__Available data__
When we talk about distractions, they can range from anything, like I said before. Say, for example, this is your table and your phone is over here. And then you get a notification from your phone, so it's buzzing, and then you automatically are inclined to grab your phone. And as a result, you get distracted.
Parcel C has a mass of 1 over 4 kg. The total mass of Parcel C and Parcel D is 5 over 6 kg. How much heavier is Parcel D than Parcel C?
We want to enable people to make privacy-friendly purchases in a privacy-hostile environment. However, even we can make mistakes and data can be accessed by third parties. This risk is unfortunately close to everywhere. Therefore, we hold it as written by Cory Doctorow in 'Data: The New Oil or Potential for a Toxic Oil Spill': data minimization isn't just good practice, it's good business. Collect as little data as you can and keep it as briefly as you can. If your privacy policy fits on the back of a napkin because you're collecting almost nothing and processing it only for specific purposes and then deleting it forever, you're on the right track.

---

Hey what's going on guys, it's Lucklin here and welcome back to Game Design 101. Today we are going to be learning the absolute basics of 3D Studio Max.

__Exercise goal__
Count the lines of the entries above that contain the word "over" and give only the number.

__Completed exercise__
2